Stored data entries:
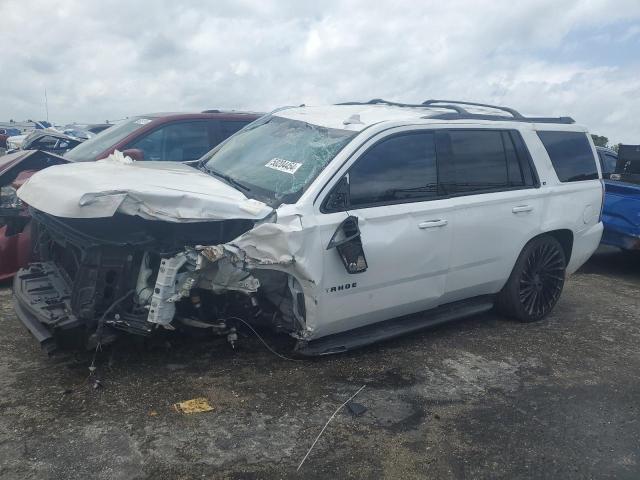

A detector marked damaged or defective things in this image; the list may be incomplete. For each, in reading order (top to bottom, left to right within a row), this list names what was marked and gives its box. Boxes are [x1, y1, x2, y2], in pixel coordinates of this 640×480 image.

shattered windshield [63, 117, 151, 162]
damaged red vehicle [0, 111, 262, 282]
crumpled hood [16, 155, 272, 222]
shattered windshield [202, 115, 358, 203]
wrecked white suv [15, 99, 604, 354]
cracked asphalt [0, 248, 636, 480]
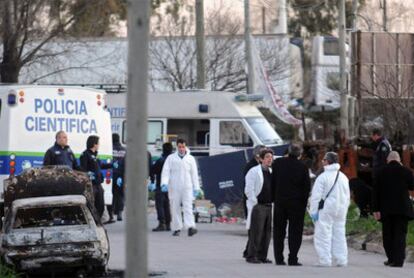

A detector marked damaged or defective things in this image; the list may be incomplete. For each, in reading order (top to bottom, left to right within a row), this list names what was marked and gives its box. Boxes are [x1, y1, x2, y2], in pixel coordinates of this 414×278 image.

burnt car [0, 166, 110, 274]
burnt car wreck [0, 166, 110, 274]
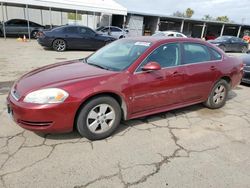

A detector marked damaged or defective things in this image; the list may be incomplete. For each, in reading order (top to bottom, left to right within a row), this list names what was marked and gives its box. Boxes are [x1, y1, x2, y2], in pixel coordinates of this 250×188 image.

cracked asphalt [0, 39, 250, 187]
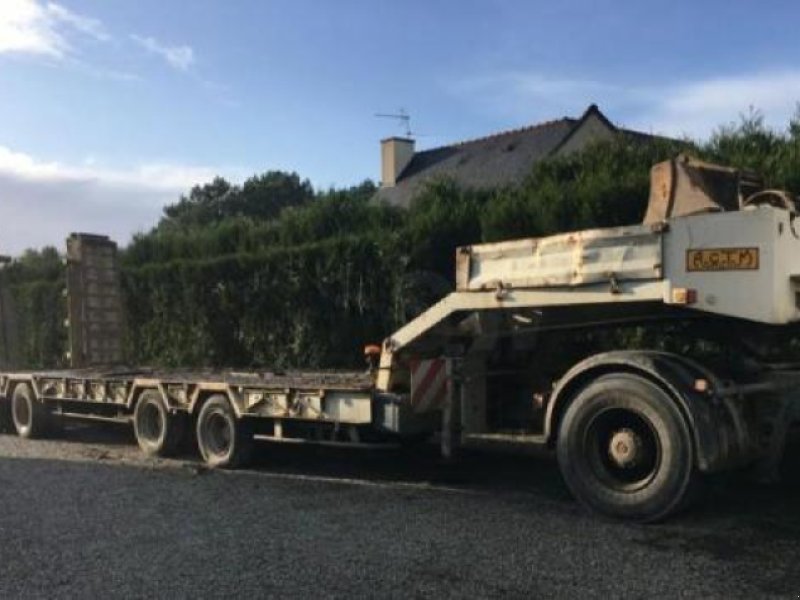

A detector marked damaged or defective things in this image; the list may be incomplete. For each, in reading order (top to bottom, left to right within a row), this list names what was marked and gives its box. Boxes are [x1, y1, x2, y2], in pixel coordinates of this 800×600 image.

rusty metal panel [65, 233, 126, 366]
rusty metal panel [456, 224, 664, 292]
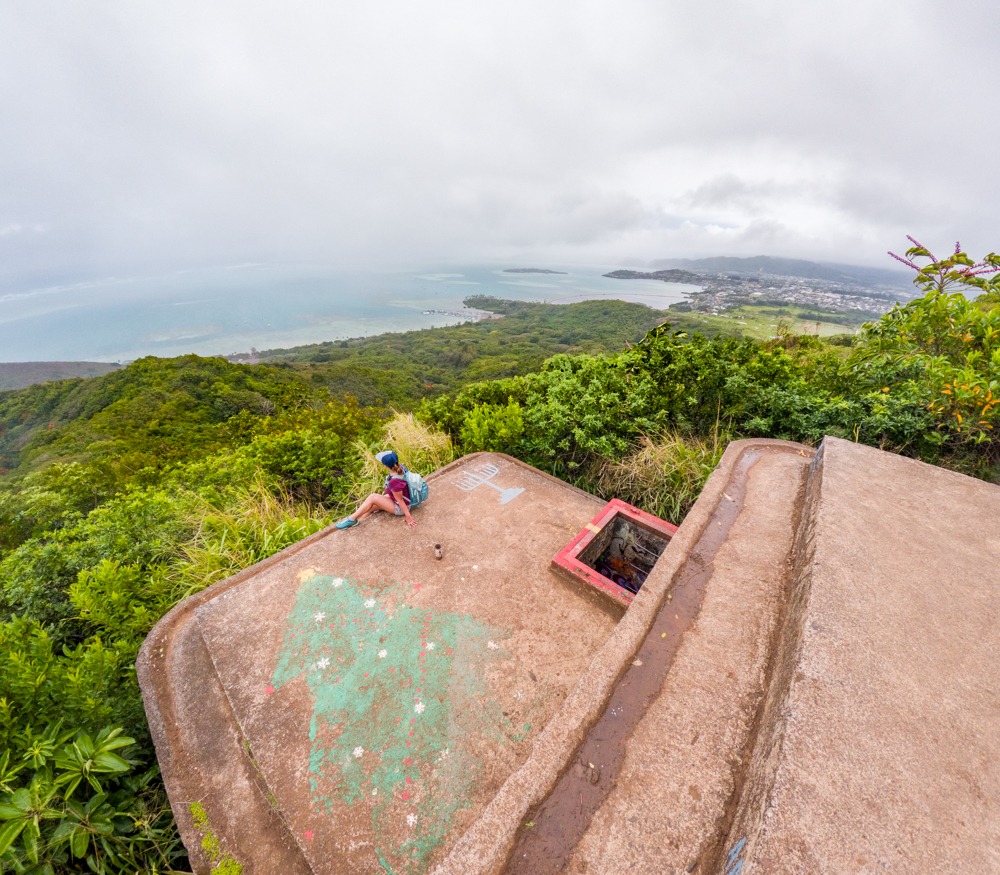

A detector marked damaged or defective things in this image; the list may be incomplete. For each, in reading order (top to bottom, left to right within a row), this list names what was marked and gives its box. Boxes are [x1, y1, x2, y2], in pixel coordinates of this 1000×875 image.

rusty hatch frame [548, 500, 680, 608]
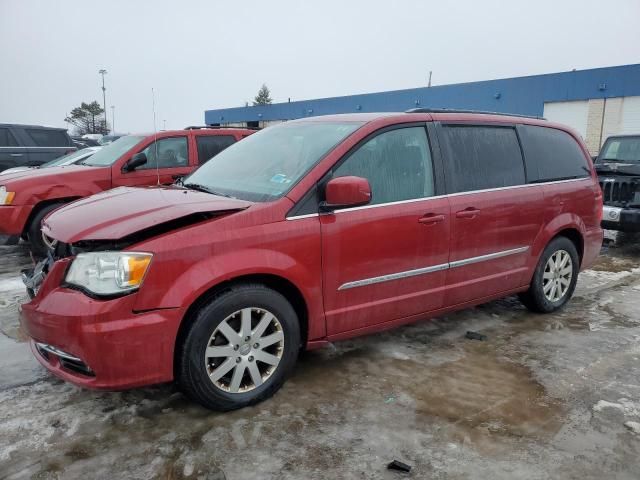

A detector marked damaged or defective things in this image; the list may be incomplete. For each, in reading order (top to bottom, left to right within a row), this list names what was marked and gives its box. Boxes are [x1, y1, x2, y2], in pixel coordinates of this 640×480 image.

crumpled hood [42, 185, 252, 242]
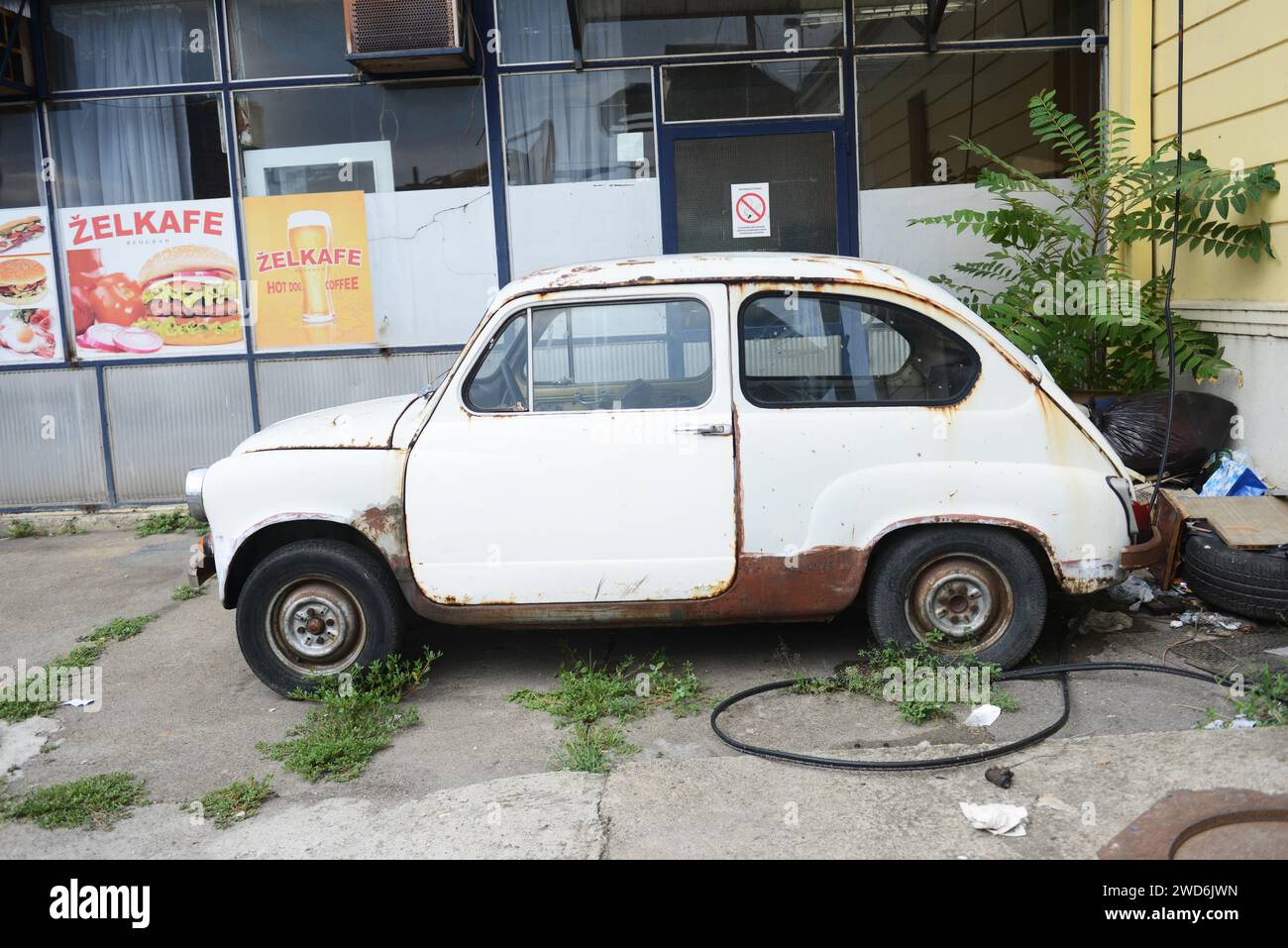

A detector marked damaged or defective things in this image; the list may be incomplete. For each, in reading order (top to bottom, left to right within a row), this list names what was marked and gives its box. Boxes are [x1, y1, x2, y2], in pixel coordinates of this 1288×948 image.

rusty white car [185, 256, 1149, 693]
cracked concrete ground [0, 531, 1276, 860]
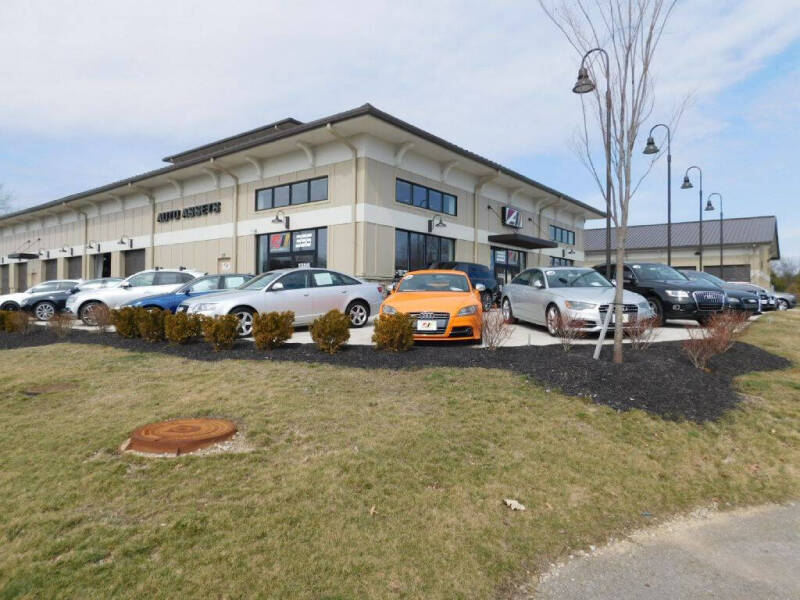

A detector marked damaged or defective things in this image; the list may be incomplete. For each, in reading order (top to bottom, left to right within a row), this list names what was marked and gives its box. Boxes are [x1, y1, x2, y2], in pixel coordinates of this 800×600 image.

Work order: Above are the records. Copy exactly, and only, the lines from the line containing "this 1288×948 image." through the last one, omitting any pictures.

Task output:
A detector marked damaged or defective things in this image; the list may be incomplete. For each, in reading order (top to bottom, left to right within a row), this list names what was marked and gives its box. Boxes are [x1, y1, x2, y2], in pixel coordinates of this 1288×948 image.

rusty white car [185, 256, 1149, 693]
cracked concrete ground [0, 531, 1276, 860]

A detector marked damaged or defective things in this image; the list may be incomplete. For each, in reading order (top to bottom, left to right within a row), this list names what was marked and gives its box. Boxes are [x1, y1, x2, y2], in pixel coordinates of this 800×600 image.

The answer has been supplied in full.